In the beginning of things men were animals and animals men. ~ Algonquin saying

"For instance, on the planet Earth, man had always assumed that he was more intelligent than dolphins because he had achieved so much — the wheel, New York, wars and so on — whilst all the dolphins had ever done was muck about in the water having a good time. But conversely, the dolphins had always believed that they were far more intelligent than man — for precisely the same reasons." ~ The Hitchiker's Guide to the Galaxy

Friday, October 22, 2010

Increase in Wild Animal Attacks

 "There are strange things lost and forgotten in obscure corners of the newspaper." ~ Arthur Machen
It seems we've been hearing about a lot of strange animal behavior the past few years; increases in some animal populations, like bear, wild hogs and deer for example, and an increase in attacks on humans by these animals.

As we know, as we humans expand our habitats, we are also intruding on animal habitats. Combined with a plethora of events: climate changes/global warming, decrease in food supplies, mange and other diseases are just some of the reasons for this. Animals become more aggressive, more used to, and unafraid of, humans, more aggressive due to hunger, disease, loss of habitat, etc.

Two recent events (one fatal) from the Pacific Northwest illustrate this almost apocalyptic aggressive animal behavior.

In Washington state, Robert H. Boardman was on a hike in Olympic National Park. He was killed by a mountain goat as he tried to get the goat off the trail as his companions had walked on ahead: [Mountain goat kills man in Olympic National Park]
Other acquaintances — Jessica and Bill Baccus and their three children — were hiking the same trail. When they reached the saddle at the top of the trail, they found Willits, frantic and cellphone in hand. Willits told them a mountain goat had attacked Boardman and that the goat wouldn't let people get near him.
Boardman was lying motionless farther up the trail, about 100 feet away, while the animal stood over him, Jessica Baccus said.
"The mountain goat was terribly aggressive," she said. "It wouldn't move. It stared us down."
Bill Baccus, a park scientist, had his park radio and immediately called a dispatcher. Because Baccus has spent a lot of time around mountain goats, he led the effort to try to lure the goat away from Boardman.
Three people spread out along a slope, shouting and pelting the animal with rocks, Jessica Baccus said. The goat, distracted by the reflective light of a hiker's silver space blanket, finally backed away after about 15 minutes.
Today, in Umatilla, Oregon, a bird watcher was attacked by a buck mule deer. Quentin Hinds was bird watching near McNary Dam. He began to take photographs of the deer, who attacked him. Hinds was taken to the hospital and treated and released.

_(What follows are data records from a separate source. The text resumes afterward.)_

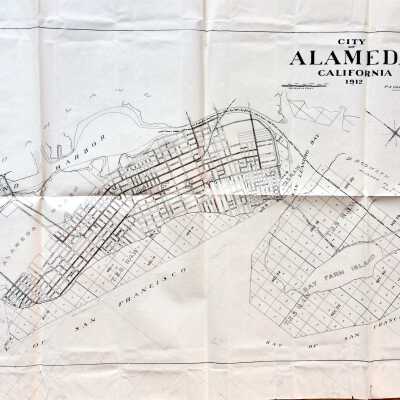 Map of City of Alameda, 1912
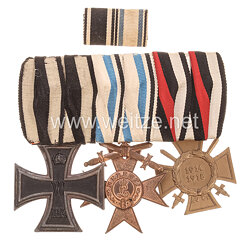 1. Weltkrieg große Ordensschnalle eines Bayerischen Soldaten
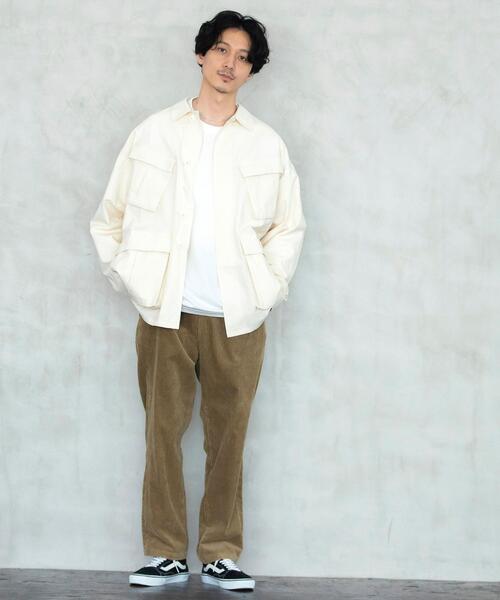coen（コーエン）の「リップストップBDUジャケット(セットアップ対応)（ミリタリージャケット・メンズ・オフホワイト/オリーブ・LARGE/SMALL/MEDIUM/X-LARGE）」の18枚目の写真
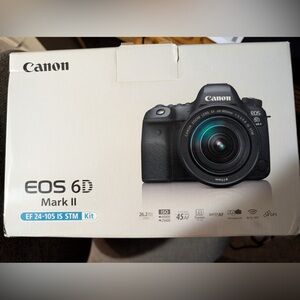 Canon EOS 6D Mark II DSLR Camera - Black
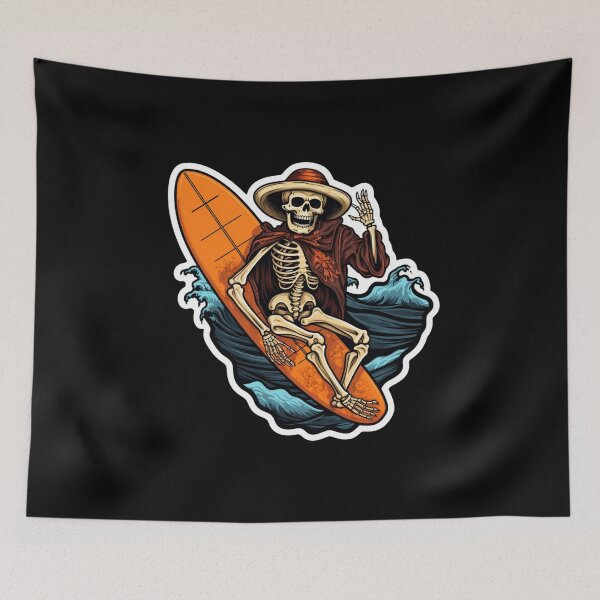 Item preview, Surfing Skeleton Halloween Themed designed and sold by Mateusz Majcherek.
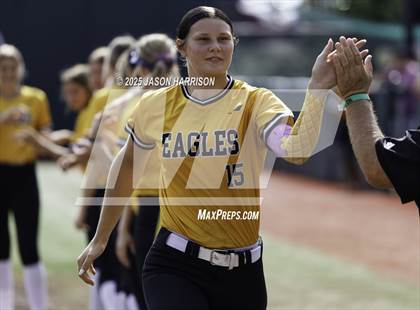 Thumbnail 1 in Brookeland vs. Jonesboro (UIL Softball 1A Final) photogallery.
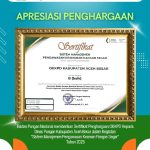 Pemkab Aceh Besar melalui Dinas Pangan kembali menorehkan prestasi dengan meraih penghargaan nasional dari Badan Pangan Nasional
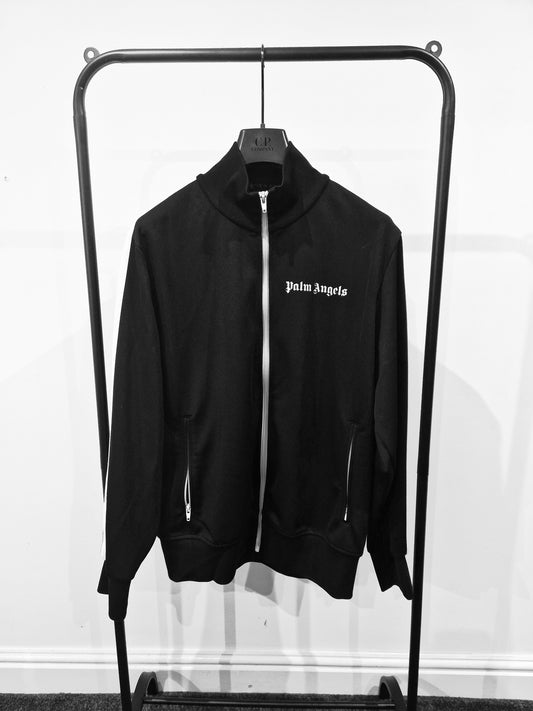 Palm Angels Zip-Through Track Jacket - Black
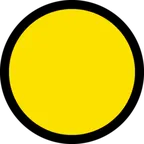 Microsoft 플랫폼을 위한 yellow circle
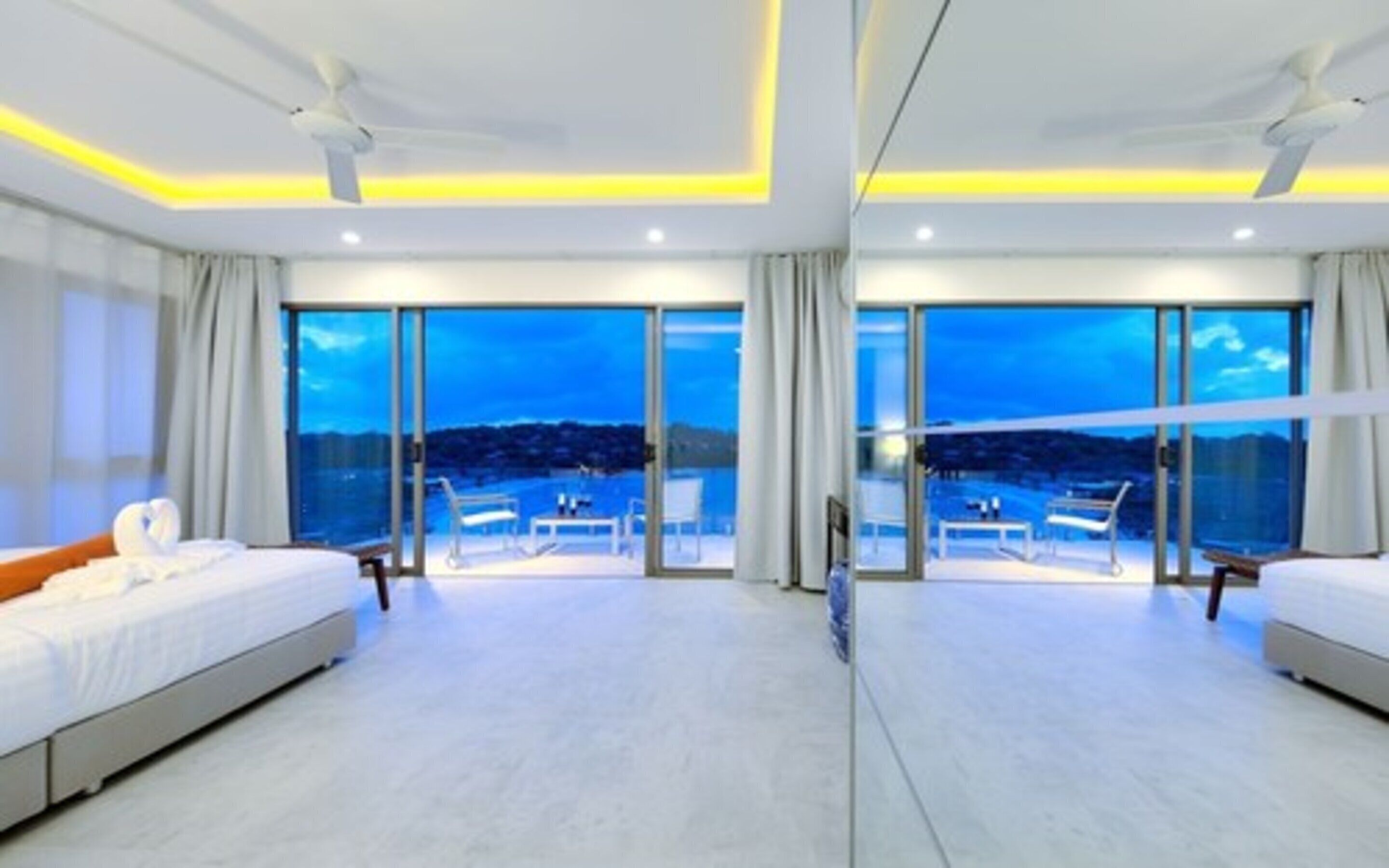 Luxury 3 Bedroom Villa with Ocean View and Private Infinity Pool BY13 | 이집트산 면 시트, 고급 침구, 셀렉트 컴포트 침대, 객실 내 금고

It is mating season, as the article points out; [Deer attack sends Oregon bird watcher to hospital] people are urged to be aware of this and be respectful and wary of their surroundings.

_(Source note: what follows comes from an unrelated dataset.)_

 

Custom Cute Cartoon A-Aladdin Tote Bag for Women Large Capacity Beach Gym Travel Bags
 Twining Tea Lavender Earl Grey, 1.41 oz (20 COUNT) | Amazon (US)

There are so many odd stories, often downright strange and tragic ones, of animals behaving very unusually indeed. Sign of the times -- yet another signal from the earth, our environment, consciousness, that things are dreadfully wrong?

These stories remind me of the classic Arthur Machen story The Terror,[1917] where animals commit acts of murder upon humans. The story was a metaphor but regardless, it also stands on its own as an eerie portent.

Responding to aggressive wildlife, authorities and citizens also become aggressive. Again in Oregon, the Oregon Department of Fish and Wildlife in Ashland encourage bow hunters to go hunting for deer. Some residents agree it's a good idea and something needs to be done to combat deer attacks; Ashland has had deer attacking humans and/or their pets as they walk their dogs, deer crashing through glass doors and windows, deer conflicting with humans on the street. . . (and I know it's in bad taste but I can't help but think of Monty Python here.)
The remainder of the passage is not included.